There are so many lovely flowers to decorate with for Easter. We never tire of the classic yellow ones, but it's also entirely possible to get a real spring-like and nice Easter feeling by mixing several colors.
You can have Easter flowers both outdoors and indoors. Outside, you can decorate in bushes and by the entrance, or create beautiful flower arrangements. Many people bring in Easter twigs ("påskeris") and decorate them with feathers, pretty eggs, chicken figures, and other things that belong to Easter. For a true Easter feeling, however, the Easter flowers are essential.
Easter flowers outside
The daffodil is a classic around Easter time, but many other bulb plants also come into their own early in the spring. Daffodils can be planted outdoors as soon as there are no longer any frost or sub-zero temperatures. You can plant them in a pot or directly in the flower bed. Although the daffodil is perhaps the flower most people associate with Easter, the tulip is a close second. Tulips come in all sorts of colors, and even though it's Easter, it's nice to mix up the yellows with other fresh spring colors.
Pearl flowers, pentecoastal lilies, violas, and primroses are other suitable flowers for the season. Plant them in pots and place them by the entrance to create a lovely Easter atmosphere.
Easter flowers inside
For Easter twigs, many people choose to bring in branches of willow or birch. You can easily recognize the willow by its characteristic furry buds and they are just as nice alone in a vase with decorations as in a larger Easter bouquet with fresh cut flowers. But be careful if you have anyone who is allergic to pollen in the house or on the guest list, as branches of both willow and birch can pose challenges for allergy sufferers. In that case, dry branches of corkscrew hazel can be a better choice, and you can also reuse these year after year.

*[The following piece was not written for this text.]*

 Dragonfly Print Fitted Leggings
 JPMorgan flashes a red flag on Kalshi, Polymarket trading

Miniature daffodils and other bulb flowers are wonderful to decorate with in pots. They can be planted together indoors as early as the beginning of spring. Leading up to Easter, you can replace and add more yellow, Easter twigs, and perhaps some small chicks and painted eggs.

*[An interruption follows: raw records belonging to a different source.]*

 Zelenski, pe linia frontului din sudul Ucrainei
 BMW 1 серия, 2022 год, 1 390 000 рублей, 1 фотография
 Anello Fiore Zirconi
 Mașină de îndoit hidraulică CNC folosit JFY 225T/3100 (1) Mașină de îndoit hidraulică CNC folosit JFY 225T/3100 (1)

There is also a wide range of flower bulbs that may not be directly associated with Easter in the same way, but which can also be great additions for the occasion – for example, winter aconite, crocus, fritillary, glory-of-the-snow, and Siberian squill.

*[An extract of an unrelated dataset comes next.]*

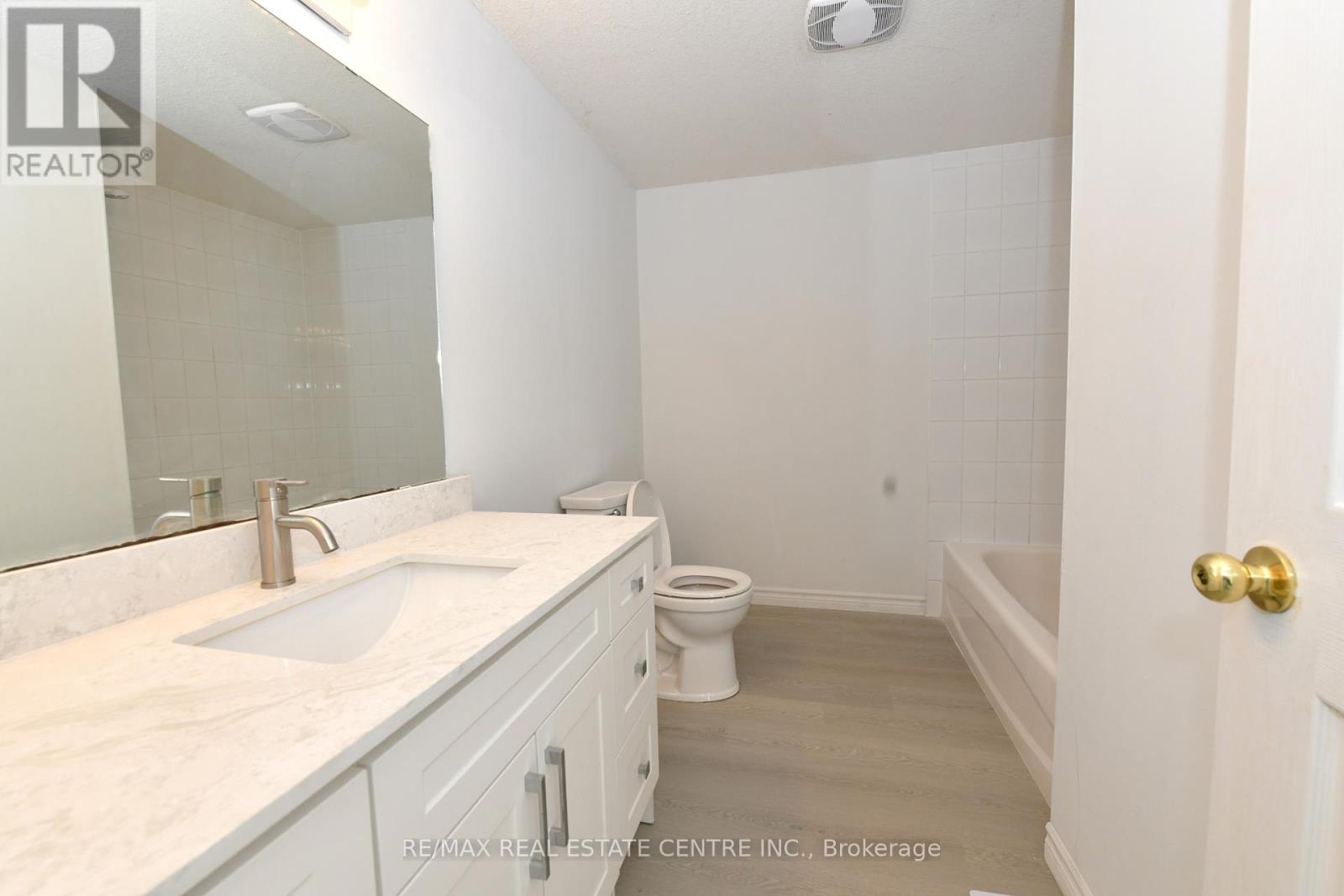 53 Foxglove Crescent, Kitchener, Ontario  N2E 3Y7 - Photo 10 - X12807564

Bulb flowers are grateful to have indoors, and they don't need much water. They bloom longer if you place them in a cool place overnight. When they have finished blooming, you can plant the flower bulbs in the garden, and they will bloom again next year.
Colorful potted flowers
Primroses, ranunculus, and bellflowers are colorful spring flowers that bring a spring atmosphere and joy to your home, and the effect is enhanced when combined with colorful pots.
Cut flowers
You can never go wrong with cut flowers. A bouquet of tulips looks great on any Easter table, especially when combined with willow branches or birch twigs and cut daffodils and hyacinths. If you want a stronger color explosion, mix white and pink tulips into the bouquet – or choose the colors you like best yourself. Change the water regularly.
When is Easter in 2025?
In 2025, Easter falls in week 16, from Maundy Thursday, April 17th, to Easter Monday, April 21st.